Adversarial attacks represent a substantial challenge in Natural Language Processing (NLP). This study undertakes a systematic exploration of this challenge in two distinct phases: vulnerability evaluation and resilience enhancement of Transformer-based models under adversarial attacks. In the evaluation phase, we assess the susceptibility of three Transformer configurations, encoder-decoder, encoder-only, and decoder-only setups, to adversarial attacks of escalating complexity across datasets containing offensive language and misinformation. Encoder-only models manifest a 14% and 21% performance drop in offensive language detection and misinformation detection tasks, respectively. Decoder-only models register a 16% decrease in both tasks, while encoder-decoder models exhibit a maximum performance drop of 14% and 26% in the respective tasks. The resilience-enhancement phase employs adversarial training, integrating pre-camouflaged and dynamically altered data. This approach effectively reduces the performance drop in encoder-only models to an average of 5% in offensive language detection and 2% in misinformation detection tasks. Decoder-only models, occasionally exceeding original performance, limit the performance drop to 7% and 2% in the respective tasks. Although not surpassing the original performance, Encoder-decoder models can reduce the drop to an average of 6% and 2% respectively. Results suggest a trade-off between performance and robustness, with some models maintaining similar performance while gaining robustness. Our study and adversarial training techniques have been incorporated into an open-source tool for generating camouflaged datasets. However, methodology effectiveness depends on the specific camouflage technique and data encountered, emphasizing the need for continued exploration.

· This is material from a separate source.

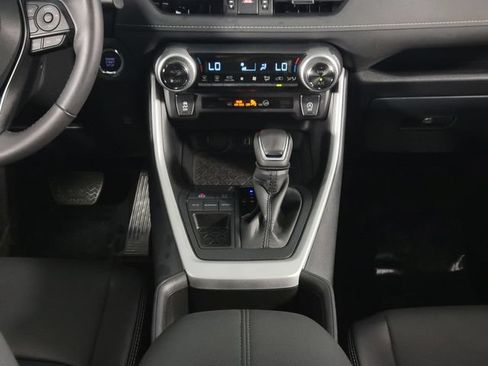 Used 2025 Toyota RAV4 XLE Premium FWD image 25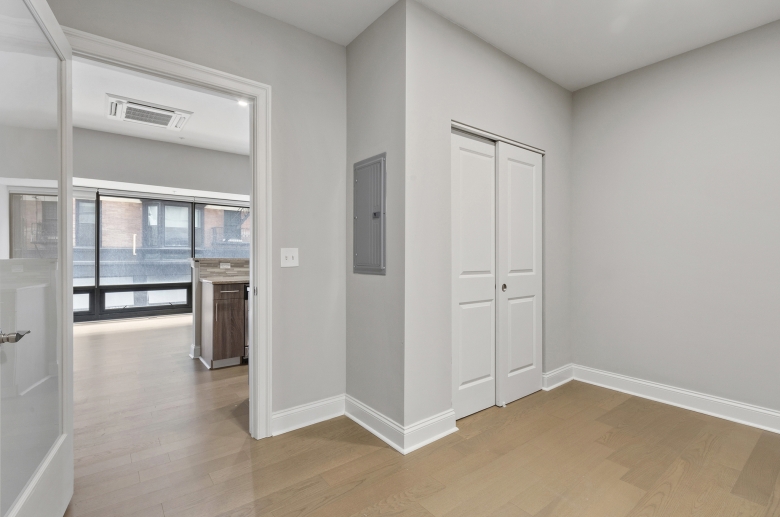 1300 Chestnut Street bedroom natural lighting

翻译：对抗攻击是自然语言处理（NLP）领域面临的重大挑战。本研究分两个阶段系统探索该挑战：基于Transformer的模型在对抗攻击下的脆弱性评估与鲁棒性增强。在评估阶段，我们考察了三种Transformer架构（编码器-解码器、仅编码器、仅解码器）在包含攻击性语言和虚假信息的数据集中，对复杂度递增的对抗攻击的敏感性。仅编码器模型在攻击性语言检测和虚假信息检测任务中性能分别下降14%和21%；仅解码器模型两项任务均下降16%；编码器-解码器模型在相应任务中最大性能下降幅度分别为14%和26%。鲁棒性增强阶段采用对抗训练，融合预伪装与动态扰动数据。该方法将仅编码器模型的性能下降有效控制在攻击性语言检测平均5%、虚假信息检测平均2%；仅解码器模型偶尔超越原始性能，将两项任务性能下降限制在7%和2%；编码器-解码器模型虽未超越原始性能，但可将下降幅度分别降至平均6%和2%。结果表明性能与鲁棒性存在权衡，部分模型在维持相近性能的同时提升了鲁棒性。本研究及对抗训练技术已整合至开源工具中用于生成伪装数据集。然而方法有效性取决于具体伪装技术及实际数据，凸显持续探索的必要性。